• [Assignment] Pictures in the records below must be left out. Return exactly the lines from the line with "Horloge Ronde Barber" to the line with "Sterling Silver Curved", both included.

• [Input data]
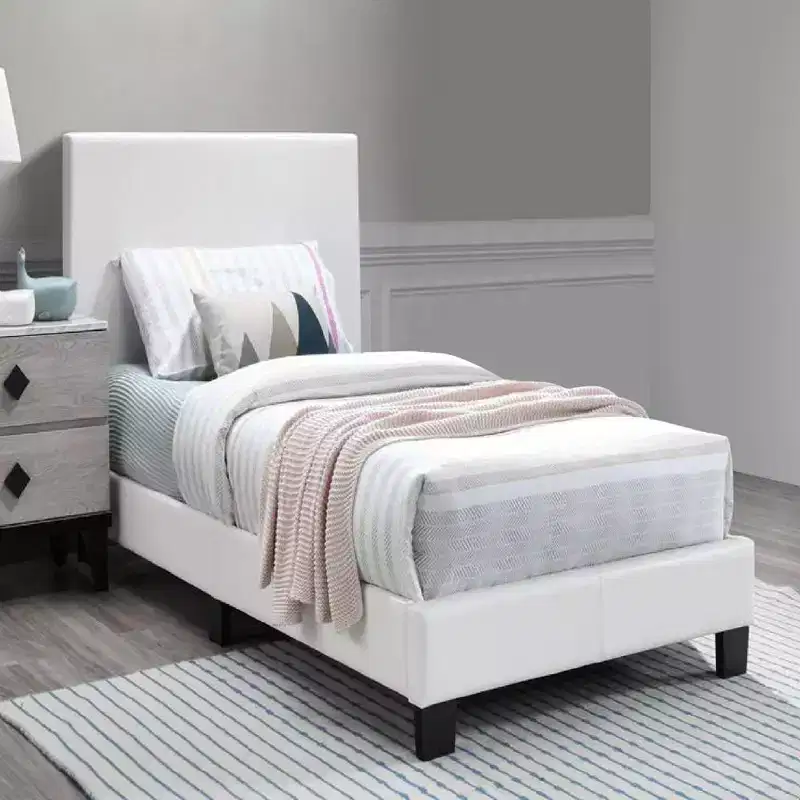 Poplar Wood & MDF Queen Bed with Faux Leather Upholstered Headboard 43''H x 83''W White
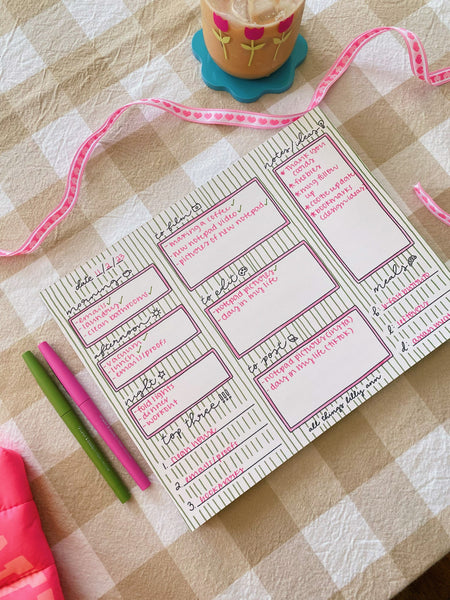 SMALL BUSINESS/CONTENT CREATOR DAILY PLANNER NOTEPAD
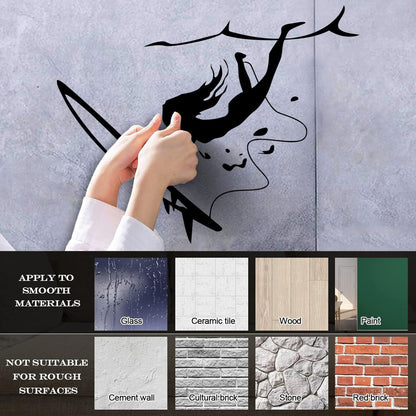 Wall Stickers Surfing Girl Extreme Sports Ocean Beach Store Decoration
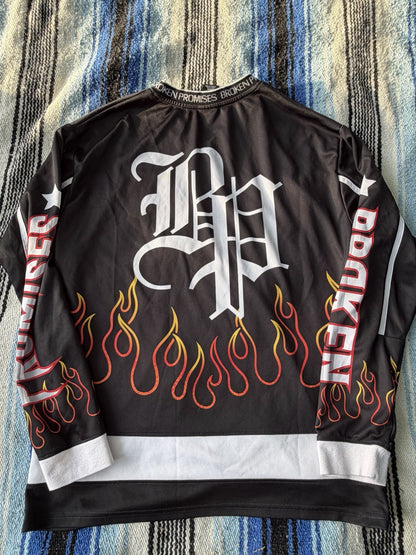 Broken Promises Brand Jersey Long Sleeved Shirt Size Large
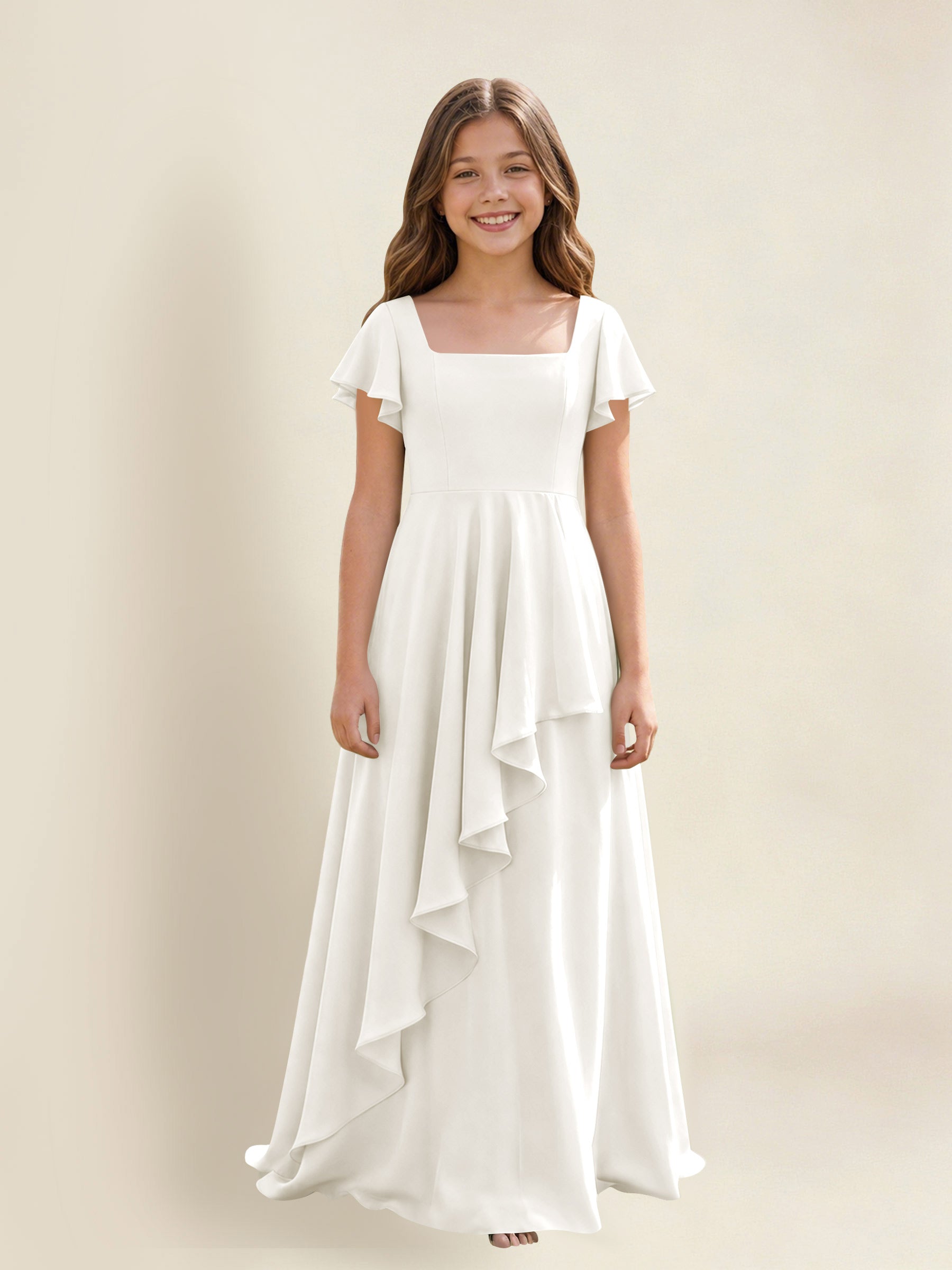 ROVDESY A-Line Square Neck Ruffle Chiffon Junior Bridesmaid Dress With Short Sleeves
--
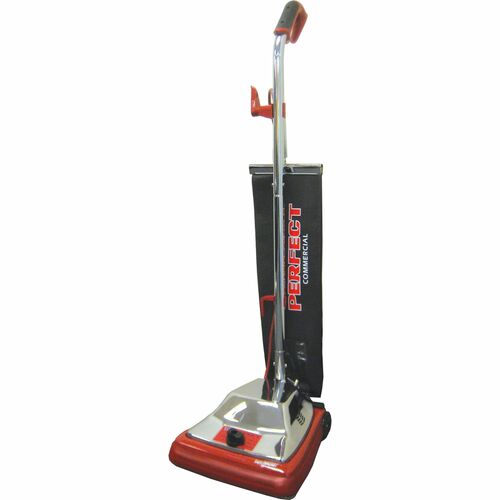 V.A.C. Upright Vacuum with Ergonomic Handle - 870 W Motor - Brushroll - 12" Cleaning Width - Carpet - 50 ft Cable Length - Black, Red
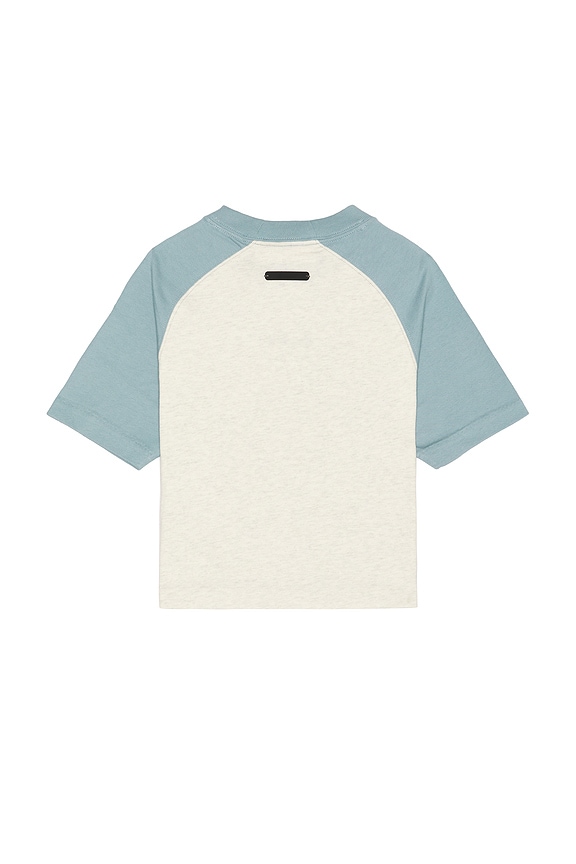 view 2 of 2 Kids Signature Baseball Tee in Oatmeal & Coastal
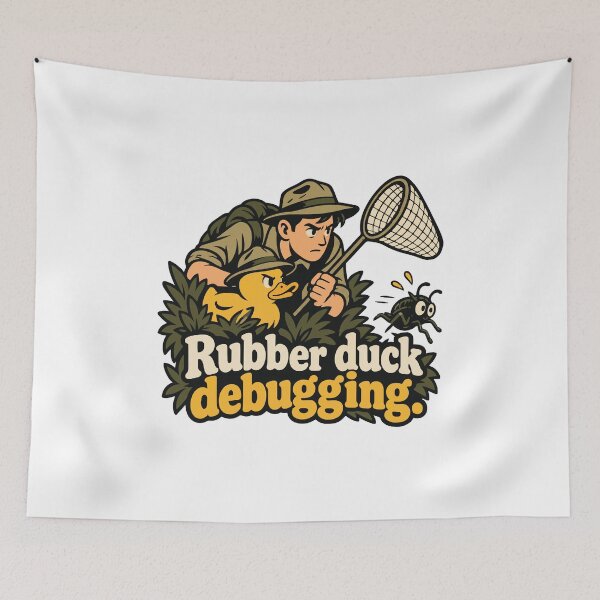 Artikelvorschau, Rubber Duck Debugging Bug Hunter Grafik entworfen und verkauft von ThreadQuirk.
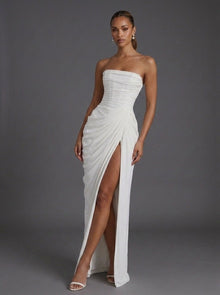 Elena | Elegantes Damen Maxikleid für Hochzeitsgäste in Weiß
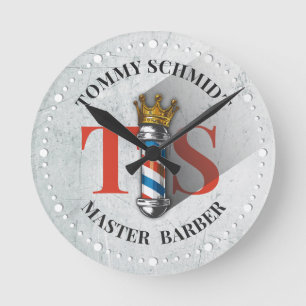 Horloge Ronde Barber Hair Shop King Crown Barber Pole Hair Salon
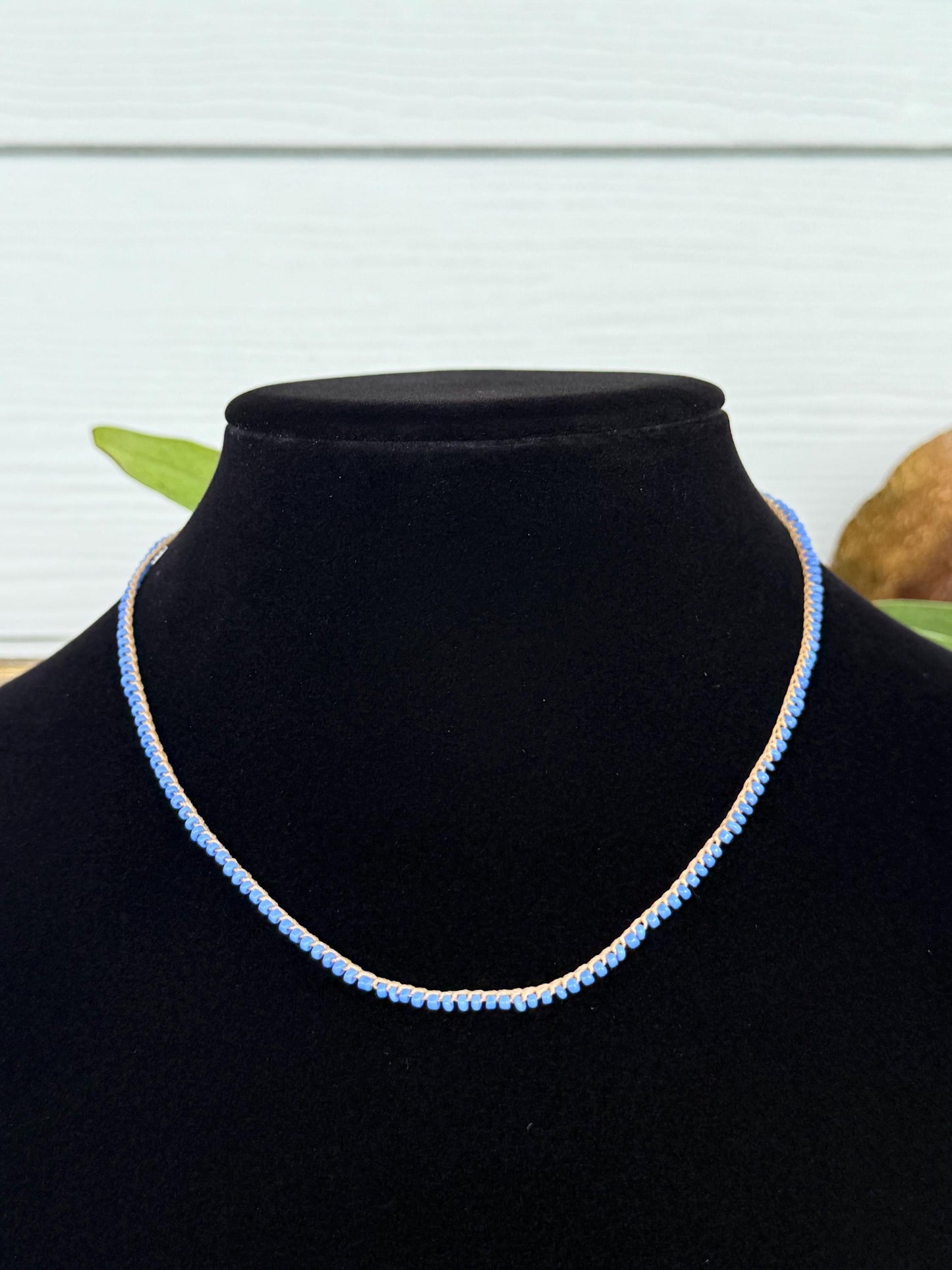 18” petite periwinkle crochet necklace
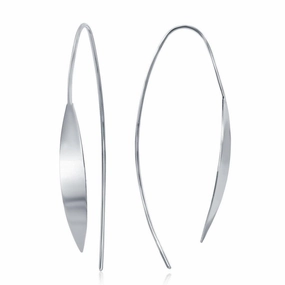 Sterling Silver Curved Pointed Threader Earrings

• [Result for this exercise]
 Horloge Ronde Barber Hair Shop King Crown Barber Pole Hair Salon
 18” petite periwinkle crochet necklace
 Sterling Silver Curved Pointed Threader Earrings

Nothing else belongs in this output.